Write out the full listing exactly as given, minus the images.

(PROVIDED MATERIAL)

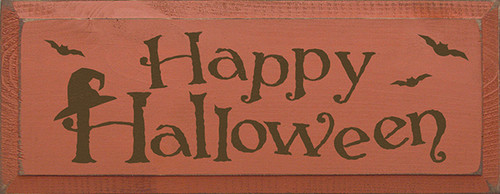 Wood Sign - Happy Halloween ( With Bats And Witch Hat)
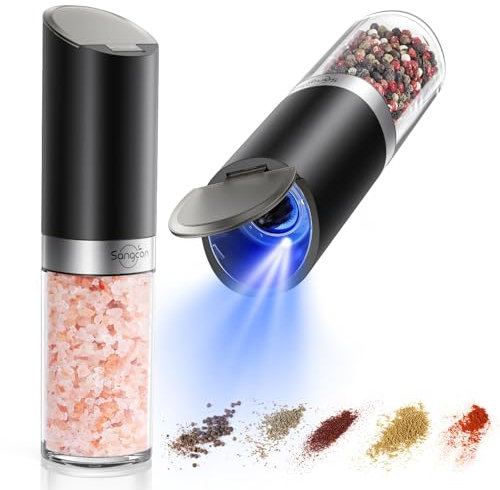 Sangcon Gravity - Juego de molinillo eléctrico de sal y pimienta con cubierta antipolvo, capacidad XL, funciona con pilas (4 AAA), grosor ajustable, salero y pimentero automático con una mano con luz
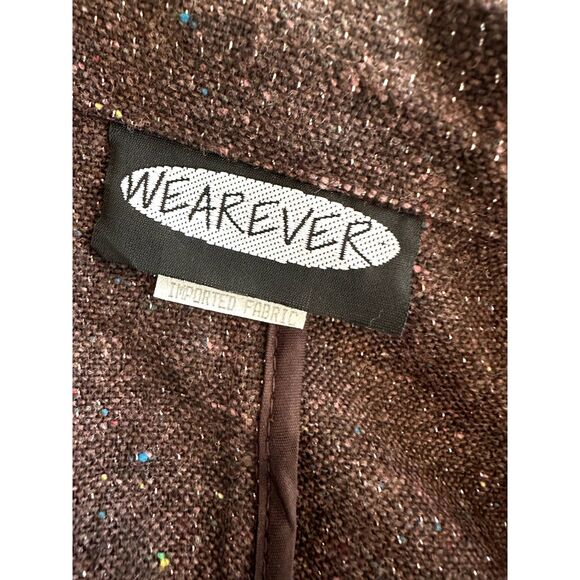 Vintage 90s Cropped Brown Double-Breasted Blazer Jacket Top size Junior XS - Picture 3 of 9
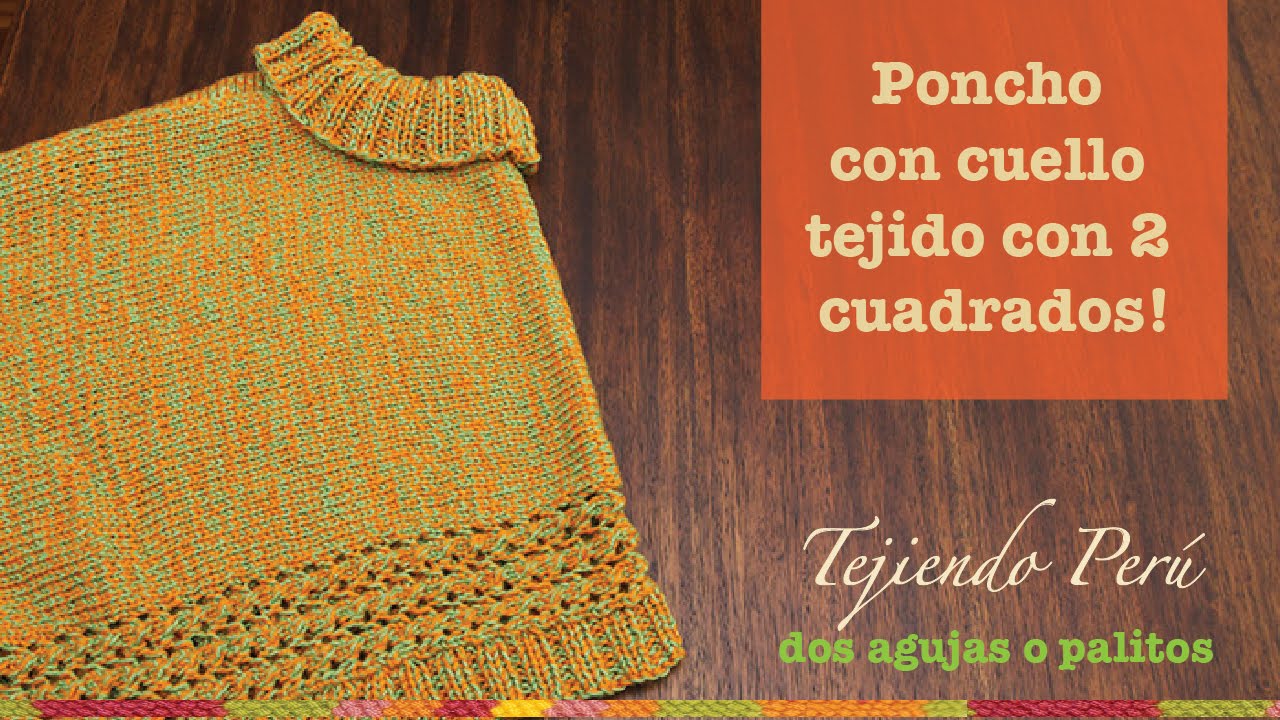 Poncho de 2 cuadrados niñas - Tejiendo Perú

(End PROVIDED MATERIAL)

**WRITTEN SOLUTION:**
 Wood Sign - Happy Halloween ( With Bats And Witch Hat)
 Sangcon Gravity - Juego de molinillo eléctrico de sal y pimienta con cubierta antipolvo, capacidad XL, funciona con pilas (4 AAA), grosor ajustable, salero y pimentero automático con una mano con luz
 Vintage 90s Cropped Brown Double-Breasted Blazer Jacket Top size Junior XS - Picture 3 of 9
 Poncho de 2 cuadrados niñas - Tejiendo Perú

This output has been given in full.